The films and filmmakers “share the common theme of not waiting for someone to greenlight them in Hollywood,” says Magdael. “Instead, they … created these films and created opportunities for artists and film crews.”

Executive director Francis Cullado rattles off those and other big gets from Sundance, SWSX and Tribeca and adds, “I'm excited about [Tribeca title] ‘Plus One’ because of Maya Erskine of ‘PEN15’ and am looking forward to seeing [Sundance breakout] ‘Blinded by the Light’ again.”

One of the festival’s tributes will spotlight the Margaret Cho sitcom “All-American Girl,” which debuted in 1994 on ABC. It was the first network show to star an Asian American family and the last for decades.

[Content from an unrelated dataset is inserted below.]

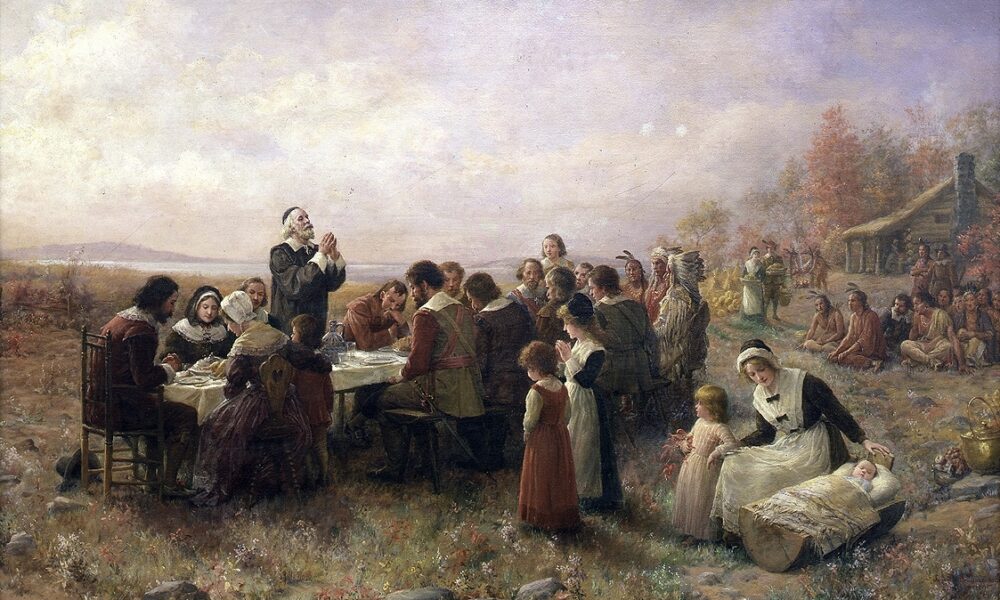 The first Thanksgiving feast - landscape painting by Brownscombe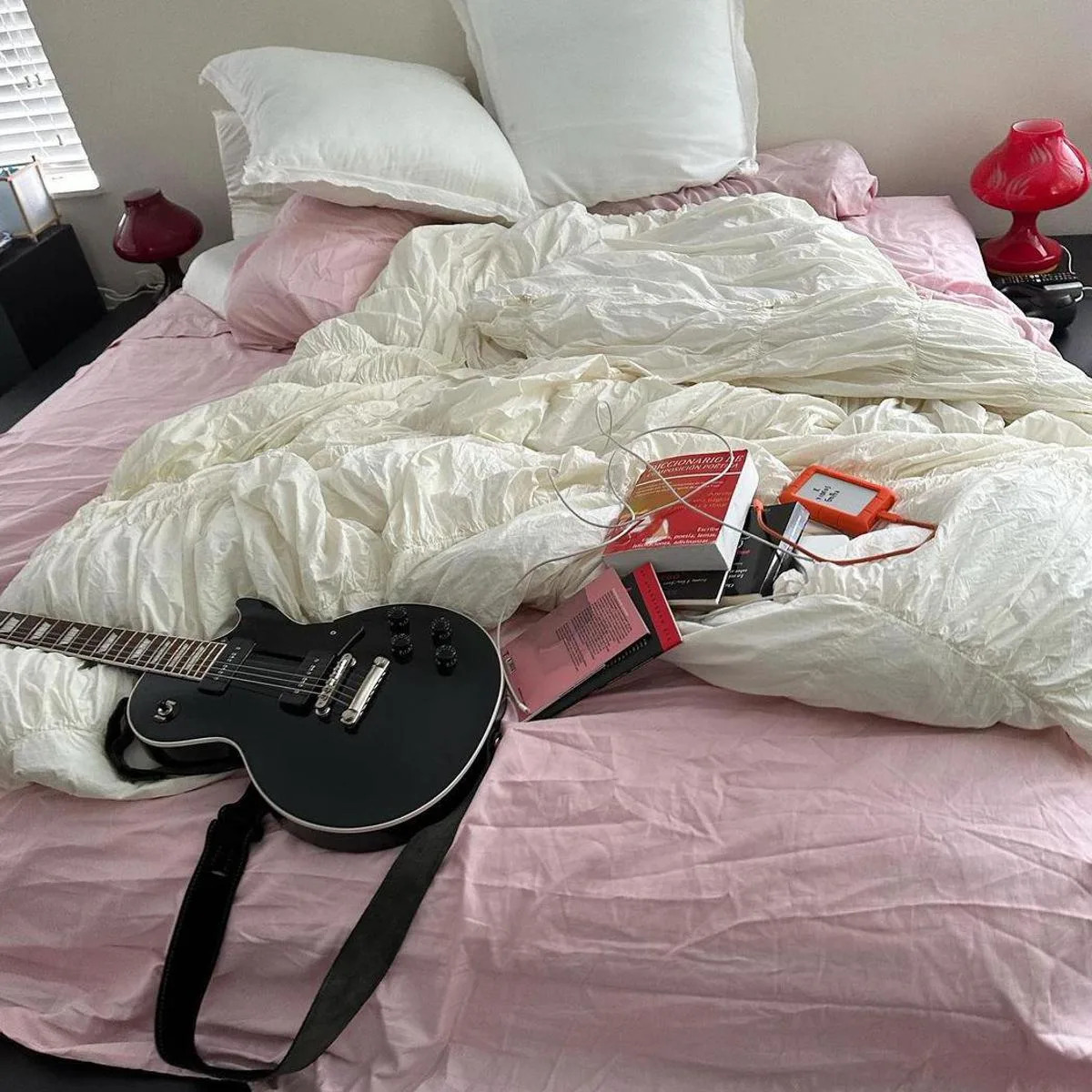 Cama de dos plazas sin hacer con libros y una guitarra encima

Cho says, “It was 25 years ago, and it’s only recently that we’ve been seeing more Asian faces in mainstream entertainment with ‘Fresh Off the Boat’ and ‘Crazy Rich Asians.’ ”

The comedienne has detailed publicly (and hilariously, in her jaw-dropping standup film, “I’m the One That I Want”) how members of the Korean American community disapproved of the way she represented them and how the network tried to defang her comedy and smooth over her image — to her physical detriment — in its efforts to sell the show. ABC gave up on the show after 19 episodes.

“The problem was they were trying to make it as ‘authentic’ as possible, which is a strange requirement they don’t have of other comics’ shows,” she says. “They brought in ‘experts’ to make sure everything we did was ‘authentic.’ It was very weird, trying to make those adjustments.

“I appreciated the effort, but then when it didn’t do so well, they said, ‘OK we tried it, we tried it’ … and there wasn’t another one for a long time.”

One of the more intriguing films in this year’s lineup is “Vai,” directed by eight women, in which the protagonist is played by eight actresses at various chapters of her life (moving the settings among different Pacific countries). Each entry is shot as a single, unbroken take steeped in the cultures and traditions of its location — or clashes inherent with its protagonist there.

Marina Alofagia McCartney, whose Samoan segment finds Vai in her 40s, says: “The Samoan piece is a reflection of my own insecurities about being a diasporic New Zealand-born Samoan/Geordie and how this affects my connection to Samoa and Samoan culture. … The piece weaves together my experiences, influences, thoughts and hopes with those of … other women and matriarchs in my family.”

Mīria George’s vignette depicts 30-year-old Vai finding her voice as an activist in the Cook Islands. Of seeing all the pieces put together, the director says: “The gravity of what we’d done began to sink in — the first feature film written, directed and produced by Pacific women was being made. … We had control of a narrative that depicted Pacific women as complex people who were from many different contexts throughout Oceania.”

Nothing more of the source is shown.